Elizabeth Gilbert, author of Eat, Pray, Love, is a polarizing figure. Some even consider her whiny and self-indulgent. But I find her refreshingly honest, amusing and inspiring – especially her advice on cultivating a healthy relationship with creativity.
I’d like to share a few pointers I gleaned from her newest work of nonfiction, Big Magic. Anyone with even a glimmer of creative curiosity can take these nuggets to heart.
- Get friendly with fear. Because creativity leads to uncertain outcomes, fear almost always shows up at some point: fear of having your ideas criticized, fear of seeing your content fall flat with your target audience or fear that your cheeky social media post will backfire and create a brand crisis, for example.

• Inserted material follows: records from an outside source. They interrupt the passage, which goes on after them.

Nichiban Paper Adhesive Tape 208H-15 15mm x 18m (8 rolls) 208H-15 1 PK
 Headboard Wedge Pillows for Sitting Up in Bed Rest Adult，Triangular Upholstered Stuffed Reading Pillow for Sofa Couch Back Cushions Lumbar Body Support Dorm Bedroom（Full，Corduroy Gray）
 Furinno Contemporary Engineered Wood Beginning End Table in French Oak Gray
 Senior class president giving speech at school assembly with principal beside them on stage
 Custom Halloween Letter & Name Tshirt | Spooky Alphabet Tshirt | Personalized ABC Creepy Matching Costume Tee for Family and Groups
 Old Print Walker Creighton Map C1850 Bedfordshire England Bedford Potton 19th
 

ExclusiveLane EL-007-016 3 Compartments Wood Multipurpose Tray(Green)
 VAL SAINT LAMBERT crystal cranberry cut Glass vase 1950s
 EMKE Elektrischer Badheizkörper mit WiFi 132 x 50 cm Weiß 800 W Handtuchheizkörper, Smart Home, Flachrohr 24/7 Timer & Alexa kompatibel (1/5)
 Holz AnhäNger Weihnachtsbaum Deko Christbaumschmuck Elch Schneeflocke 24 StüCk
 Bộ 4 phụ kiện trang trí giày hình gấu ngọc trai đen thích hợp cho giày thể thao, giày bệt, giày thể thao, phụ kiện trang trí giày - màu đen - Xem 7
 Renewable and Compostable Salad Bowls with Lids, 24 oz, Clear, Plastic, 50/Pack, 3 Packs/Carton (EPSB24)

There are no shortage of occasions for fear to creep in and hold you back. But if you try to fight that fear away, your creative focus will slip quietly out the back door. Instead, Gilbert’s advice is to get more comfortable coexisting with fear in creative endeavors. In other words, you can let fear tag along on your creative road trip, but don’t let it backseat drive you off the road.
- Don’t take inspiration for granted. We’ve all felt that tingly, adrenaline-laced sensation that comes with hatching an idea, or building upon an idea hatched by one of our peers. It’s a great feeling, right? And what makes it feel so great is the fact that it’s not always there. Inspiration cannot be summoned on demand, and it will not be bullied into serving us ideas. We should view inspiration, Gilbert says, as a partner or companion in our creation of something interesting.
Inspiration will be there for us more often if we agree to a few ground rules: a) receive ideas with respect and curiosity, b) allow ourselves to be pleased with our creations, and, my personal favorite, c) accept projects gone awry as constructive experiments (because we’ve all been there!).
- Don’t wait for permission. If you find yourself waiting for the right project, the right title or the right training to become more creative, stop waiting. You were born with everything you need to be creative.
“To even call someone ‘a creative person’ is almost laughably redundant,’” Gilbert reminds us, “because creativity is the hallmark of our species.” You don’t have to look past Instagram or Etsy.com for proof that we, as a species, are programmed to create. But while you don’t need specialized creds to live up to your creative potential, you do need to believe you’re allowed to have a voice and vision of your own.
And – this is important – do not confuse having your own voice with being completely original. Why? Because originality is overrated. “Most things have already been done and most ideas have already been had,” says Gilbert. “There is bound to be repetition in creative instinct … but once you put your own perspective and energy behind an idea, that idea becomes your own.”
- Acknowledge the dangers of perfectionism. It has taken me nearly 34 years to grasp that nothing we do or create is beyond criticism, and that perfecting is, therefore, a colossal waste of time.
My new idol, Brené Brown, taught me that perfectionism is a behavioral shield we use to protect ourselves from shame and pain — and, more dangerously, a belief that we are capable of protecting ourselves in such a way. Perfectionism has the potential to crush our creative spirits by forcing us to toil tirelessly after something that doesn’t exist.
So, next time you catch yourself sitting on a design, a writing project or a tweet, try repeating this mantra: Good is better than perfect, and done is better than good. Remember that someone will always find fault with your work, but at some point you have to release your work as is, so that, as Gilbert says, “you can move forward with a glad and determined heart.”